Ce mois à Sienne est donc l’histoire d’une reconstruction. D’abord en compagnie de son épouse, une photographe qui l’accompagne jusqu’à Sienne, puis seul, Hisham Matar déambule dans la ville, se livrant à divers protocoles, comme de suivre des passants pour mettre ses pas dans ceux de vrais siennois, ou de se rendre jusqu’à l’une des portes de la ville et poursuivre jusque dans la campagne, il se rend dans un cimetière, remet le moment de découvrir ces tableaux qui l’ont entraîné jusqu’ici, fait des rencontres, prend des cours d’italien, puis se rend finalement chaque jour au musée, où il se livre à sa passion de s’abandonner pendant des heures à la contemplation d’un tableau, d’entrer pour ainsi dire dans le tableau à la recherche de la représentation que celui-ci peut lui livrer, de son propos singulier, et il livre au passage au lecteur quelques commentaires instruits et sensibles de certains des chef d’oeuvre de ces peintres qui justement font vibrer tout voyage à Sienne: Duccio, Simone Martini, les frères Lorenzetti, Sano di Pietro, Giovanni di Paolo.
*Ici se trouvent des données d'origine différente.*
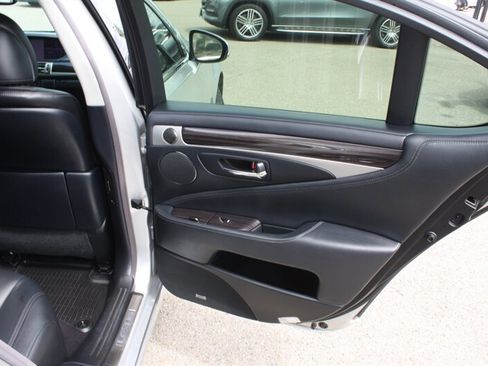 Used 2013 Lexus LS 460 w/ Comfort Pkg image 26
J’ai refermé le livre en me disant que mon libraire siennois avait bien raison. Et pour un peu je serais presque retourné là-bas, me disant que je n’avais peut-être pas passé assez de temps devant ces tableaux qui ont pourtant occupé l’essentiel de mes journées siennoises. Savoir faire naître le désir d’un lieu dont je revenais à peine n’est pas le moindre des charmes de cette belle déambulation siennoise.

“Il n’y a rien de tel qu’apprendre un nouveau langage pour vous rappeler combien l’œil est fluide et agile, et combien la langue peut être maladroite et récalcitrante. Au milieu du troisième cours, tandis que j’étais assailli de mots nouveaux, je me suis senti dépassé et j’ai failli décamper. C’était comme si j’avais percuté un mur. Et puis c’est passé, et je me suis dit qu’il me faudrait m’en souvenir.

A midi, j’étais libéré, la tête douloureuse, perplexe face à tant de difficultés. Peut-être qu’apprendre une nouvelle langue nous ramène à l’âge où l’on ne peut rien dire du tout, où l’on n’a pas les moyens de communiquer que l’on a faim ou froid ou simplement qu’on ne comprend pas: un peu de cette détresse doit subsister quelque part en nous et se réactiver dans les occasions où nous ne pouvons pas nous exprimer. J’imagine que ma propre expérience jouait aussi, puisqu’à l’âge de onze ans j’ai dû émigrer de l’arabe, ma langue maternelle, vers l’anglais.Quand vous avez été contraint à cette mutation une fois, toute nouvelle perturbation peut représenter un danger mortel.”

Billet publié dans le cadre de l’événement Sous les pavés les pages.

5 réflexions sur « Hisham MATAR: Un mois à Sienne »

    1. Je trouve que les pages sur la peinture sont très réussies en effet. En même temps, c’est aussi un beau texte sur le travail du deuil, sur la ville de Sienne.